DATA SUPPLIED =>
■ ■ ■ ■

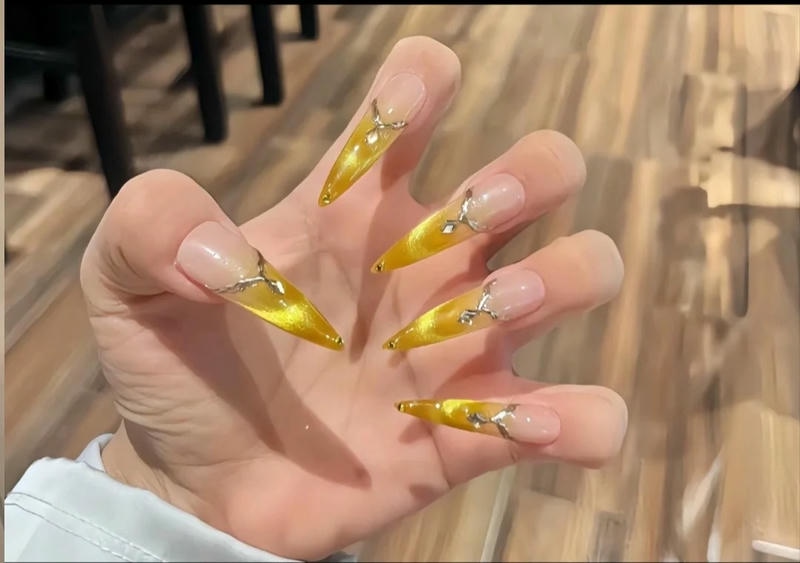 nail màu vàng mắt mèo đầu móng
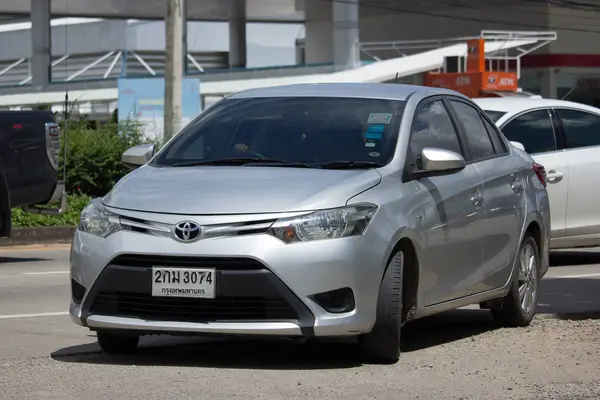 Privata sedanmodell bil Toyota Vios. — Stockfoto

■ ■ ■ ■

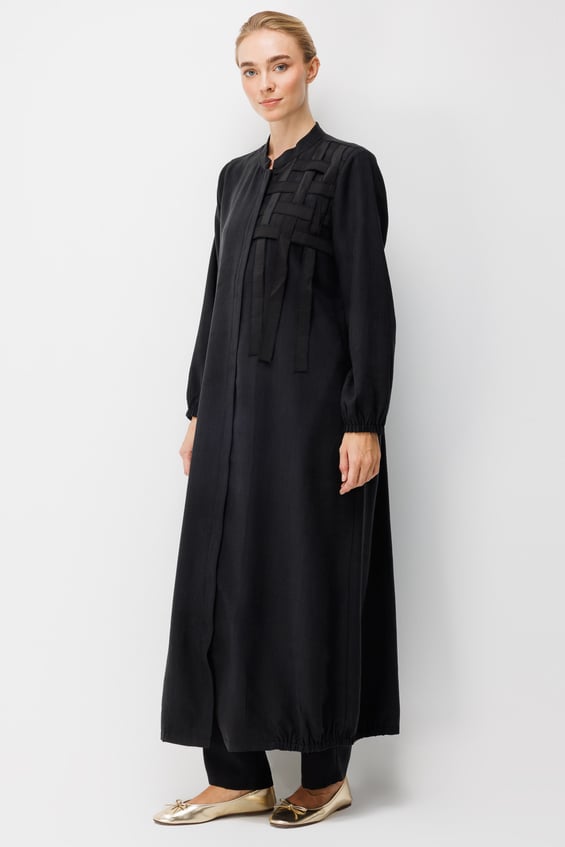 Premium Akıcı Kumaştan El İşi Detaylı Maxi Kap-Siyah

■ ■ ■ ■

REQUIREMENT =>
Start at the line containing "nail màu vàng mắt mèo đầu móng" above and stop at the line containing "Privata sedanmodell bil". Output those lines exactly, both included, but none of the pictures.

RESPONSE =>
 nail màu vàng mắt mèo đầu móng
 Privata sedanmodell bil Toyota Vios. — Stockfoto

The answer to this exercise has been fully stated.